In-universe information
- Gender: Male design
- Occupation: Servant

= Marvin the Paranoid Android =

Fictional robot in The Hitchhiker's Guide to the Galaxy

Marvin the Paranoid Android is a fictional character in The Hitchhiker's Guide to the Galaxy series by Douglas Adams. Marvin is the ship's robot aboard the starship Heart of Gold. Originally built as one of many failed prototypes of Sirius Cybernetics Corporation's GPP (Genuine People Personalities) technology, Marvin is afflicted with severe depression and boredom, in part because he has a "brain the size of a planet" which he is seldom, if ever, given the chance to use. Instead, the crew request him merely to carry out mundane jobs such as "opening the door". Indeed, the true horror of Marvin's existence is that no task he could be given would occupy even the tiniest fraction of his vast intellect. Marvin claims he is 50,000 times more intelligent than a human (or 30 billion times more intelligent than a live mattress), though this is, if anything, an underestimation. When kidnapped by the bellicose Krikkit robots and tied to the interfaces of their intelligent war computer, Marvin simultaneously manages to plan the entire planet's military strategy, solve "all of the major mathematical, physical, chemical, biological, sociological, philosophical, etymological, meteorological and psychological problems of the Universe, except his own, three times over", and compose several lullabies.

==Name==
According to Douglas Adams, "Marvin came from Andrew Marshall. He's another comedy writer, and he's exactly like that." (Indeed, in one of the early drafts for Hitchhiker's, the robot was called Marshall. It was changed to "Marvin" partly to avoid causing offence, but also because it was pointed out to Adams that on radio the name would sound like "Martial", which would have undesirable military connotations.) However, Adams also admitted that Marvin is part of a long line of literary depressives, such as A. A. Milne's Eeyore or Jacques in Shakespeare's As You Like It, and even owes something to Adams's own periods of depression.

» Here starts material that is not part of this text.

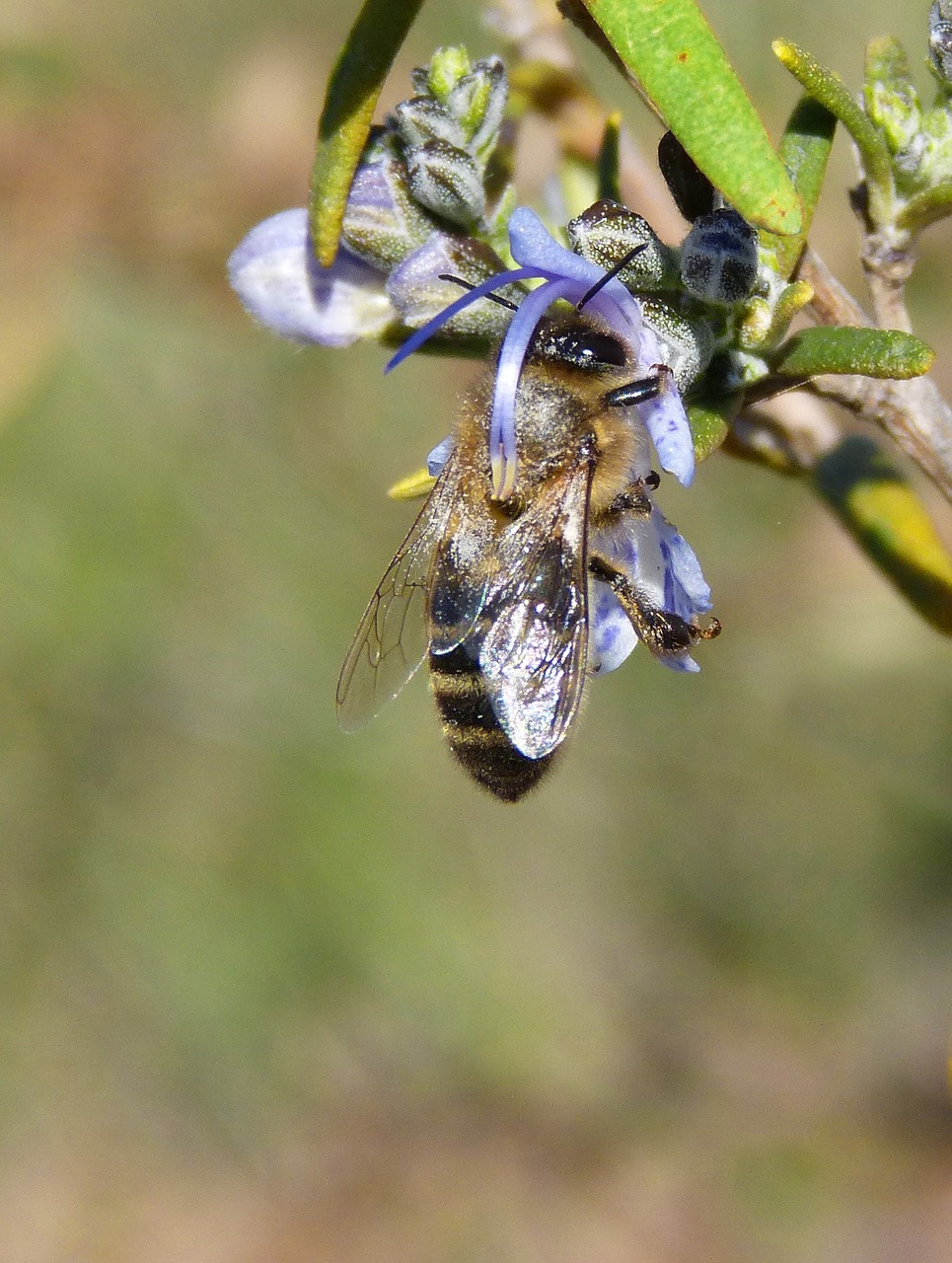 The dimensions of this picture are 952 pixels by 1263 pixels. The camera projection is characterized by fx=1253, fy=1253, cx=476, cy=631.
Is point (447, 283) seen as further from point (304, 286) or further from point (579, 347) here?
point (304, 286)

Marvin does not actually display any signs of paranoia, though Zaphod Beeblebrox refers to him as "the Paranoid Android". Nor does he show any signs of mania, though Ford refers to him as a "manically depressed robot". He merely remains consistently morose throughout. In fact, he exhibits remarkable stoicism, being willing to wait hundreds of millions of years for his employers to come.

==Radio and TV series==
According to his autobiography read in the Secondary Phase of the radio series, Marvin was constructed, much against his own wishes, by the Sirius Cybernetics Corporation to prototype human personality artificial intelligence. In his own words:

I didn't ask to be made: no one consulted me or considered my feelings in the matter. I don't think it even occurred to them that I might have feelings. After I was made, I was left in a dark room for six months... and me with this terrible pain in all the diodes down my left side. I called for succour in my loneliness, but did anyone come? Did they hell. My first and only true friend was a small rat. One day it crawled into a cavity in my right ankle and died. I have a horrible feeling it's still there...
— Douglas Adams, from Fit the Twelfth (radio series)

The cutaway illustration of Marvin made by Kevin J. Davies for the "Depreciation Society" featured a "rat cavity".

As the menial labourer on the Heart of Gold spaceship, he grew immensely resentful of the insistence of his new masters (Zaphod Beeblebrox and Trillian; later also Ford Prefect and Arthur Dent) that he open doors, check airlocks and pick up pieces of paper. He reserved a particular contempt for the sentient doors, despising their blissful satisfaction with existence.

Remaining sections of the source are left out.